- Exercise instructions
Drop the images, then output the listing exactly.

- Input material
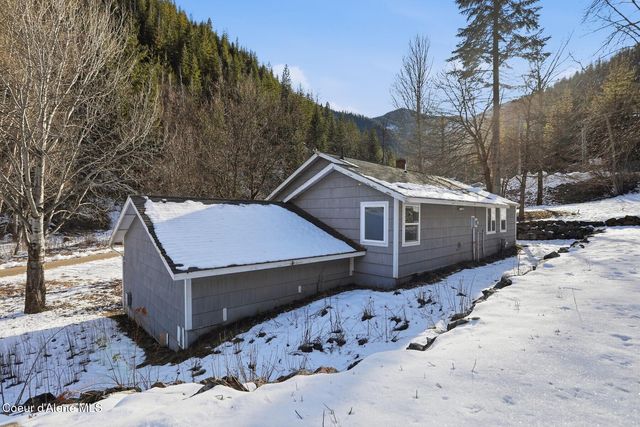 1020 Mill St, Wardner, ID 83837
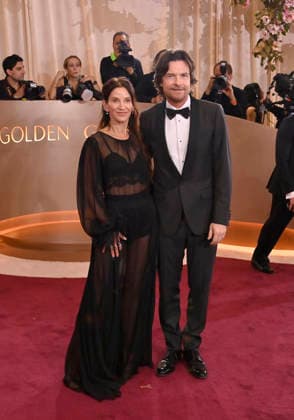Amanda Anka and Jason Bateman attend the 83rd annual Golden Globe Awards at the Beverly Hilton Hotel in Beverly Hills, California on Sunday, January 11, 2026.  LAP20260111493 JIMxRUYMEN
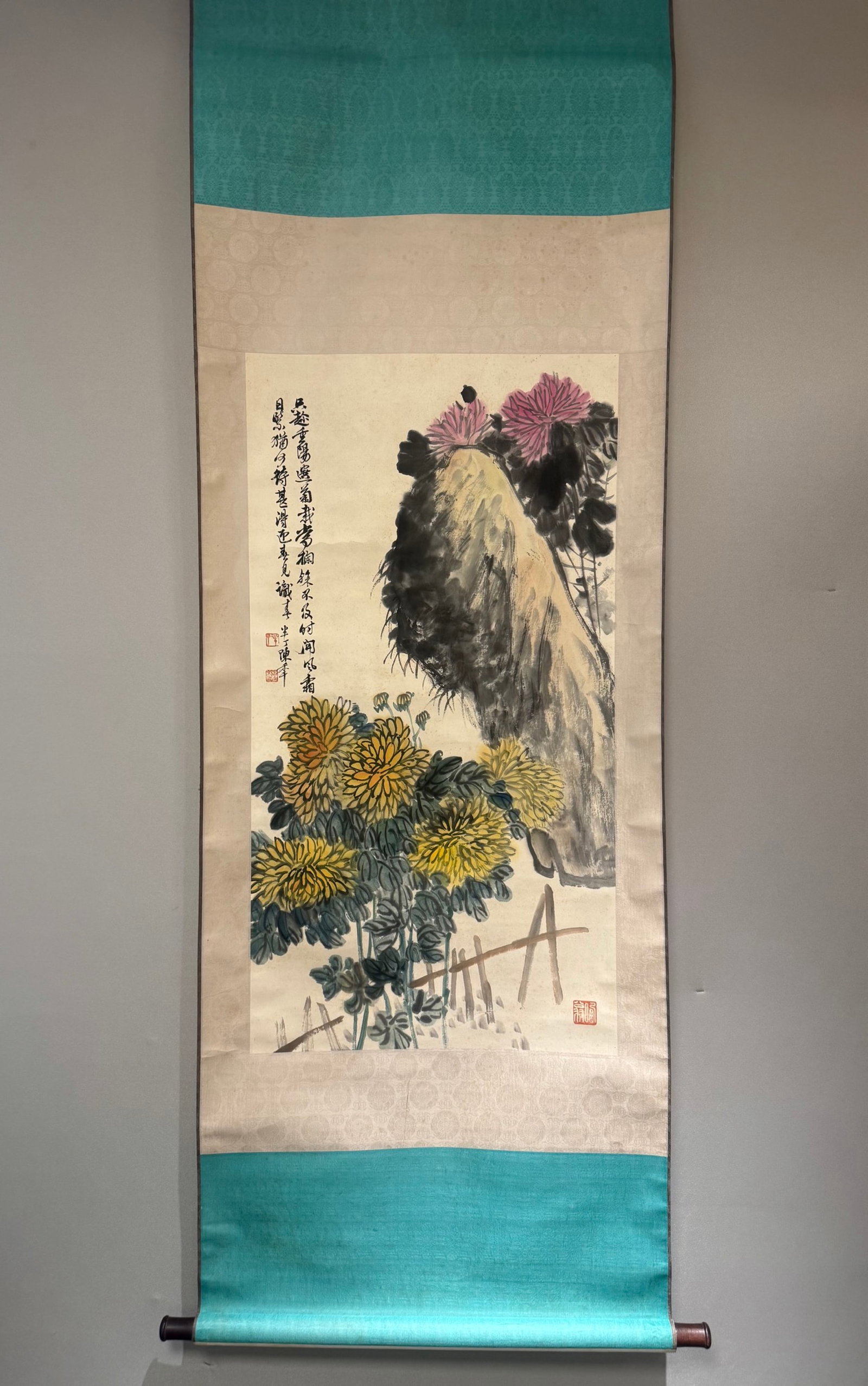 A Chinese Vertical Scroll Ink Painting of Flower on Paper: A Chinese Vertical Scroll Ink Painting of Flower on Paper,Chen Banding,Size:37.8inx20.1in 一幅中国水墨花卉画立轴,陈半Ç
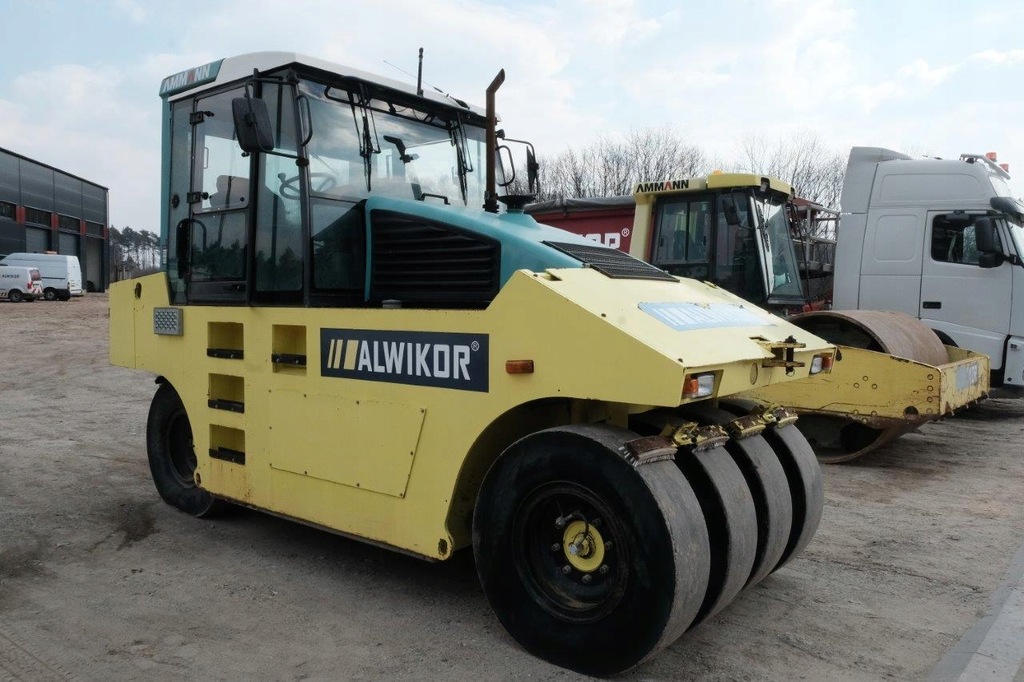 Walec Ammann AP 240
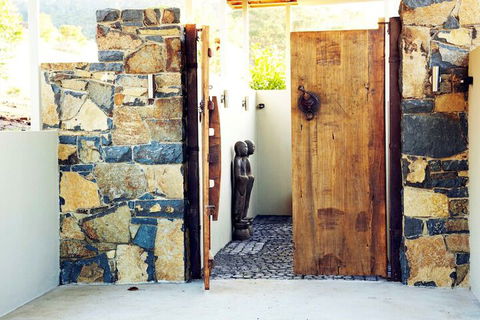Dragonfly Lodge - Accommodation QLD 1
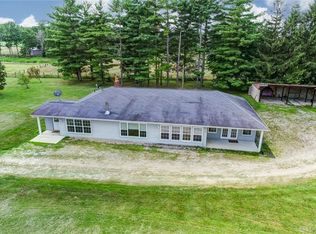 8404 Gustin Rider Rd, Blanchester, OH 45107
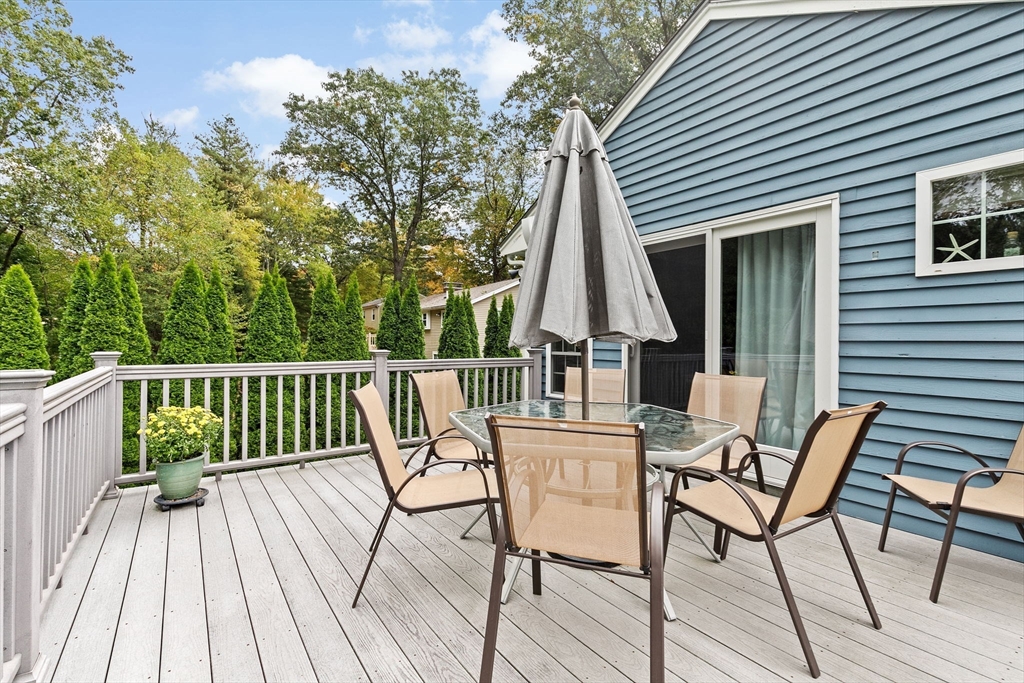 21 Juniper Brook Road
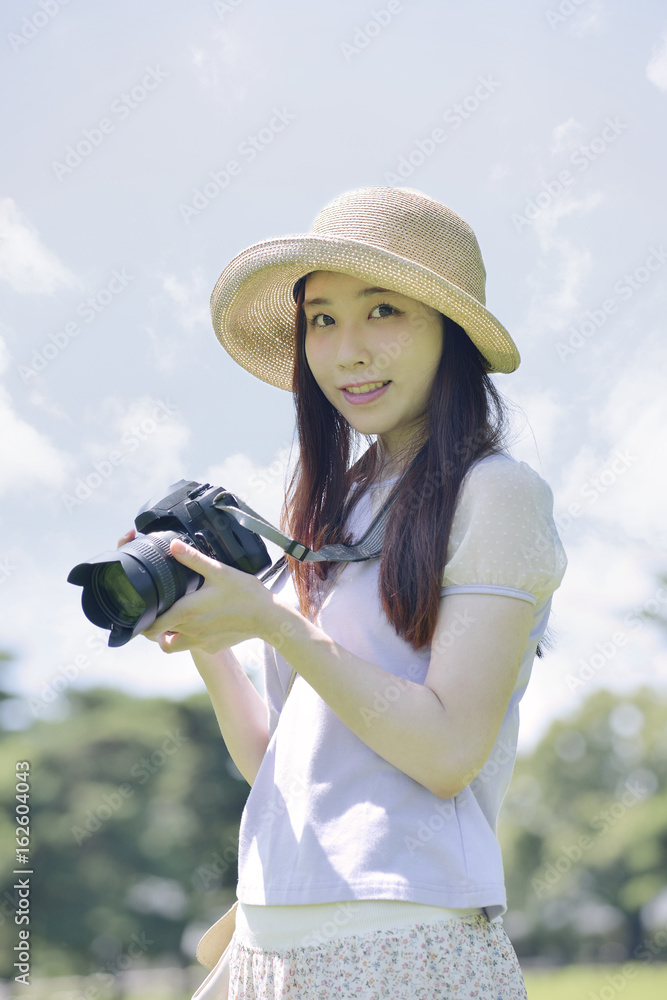 一眼レフカメラを持つ女性 Stock Photo Adobe Stock
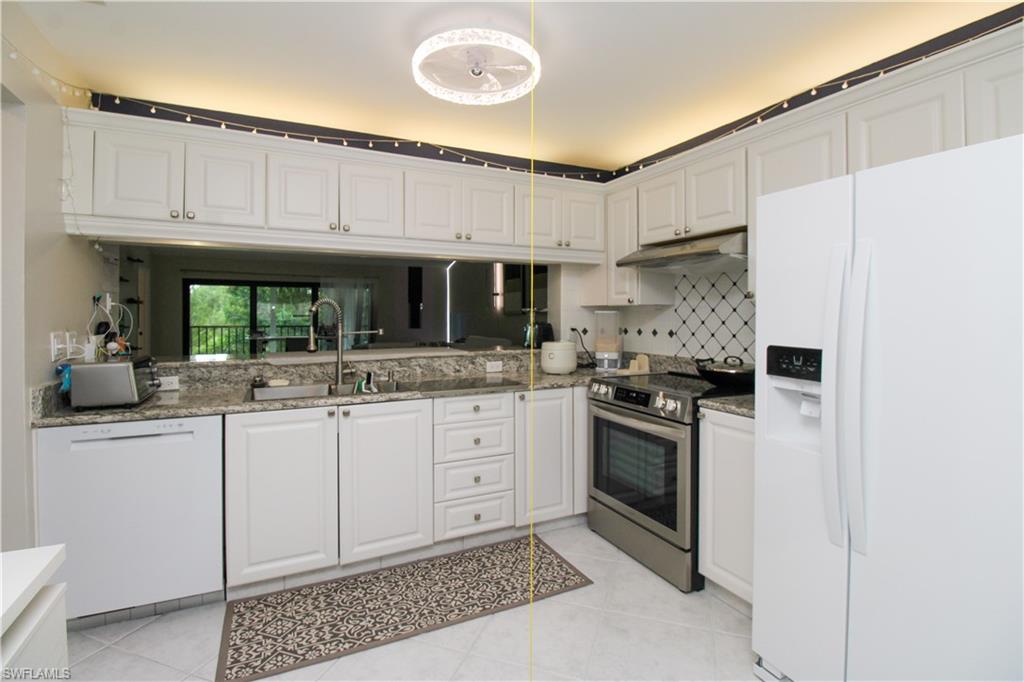 5767 Deauville Cir D304 Property Photo 18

- Exercise result
 1020 Mill St, Wardner, ID 83837
Amanda Anka and Jason Bateman attend the 83rd annual Golden Globe Awards at the Beverly Hilton Hotel in Beverly Hills, California on Sunday, January 11, 2026.  LAP20260111493 JIMxRUYMEN
 A Chinese Vertical Scroll Ink Painting of Flower on Paper: A Chinese Vertical Scroll Ink Painting of Flower on Paper,Chen Banding,Size:37.8inx20.1in 一幅中国水墨花卉画立轴,陈半Ç
 Walec Ammann AP 240
Dragonfly Lodge - Accommodation QLD 1
 8404 Gustin Rider Rd, Blanchester, OH 45107
 21 Juniper Brook Road
 一眼レフカメラを持つ女性 Stock Photo Adobe Stock
 5767 Deauville Cir D304 Property Photo 18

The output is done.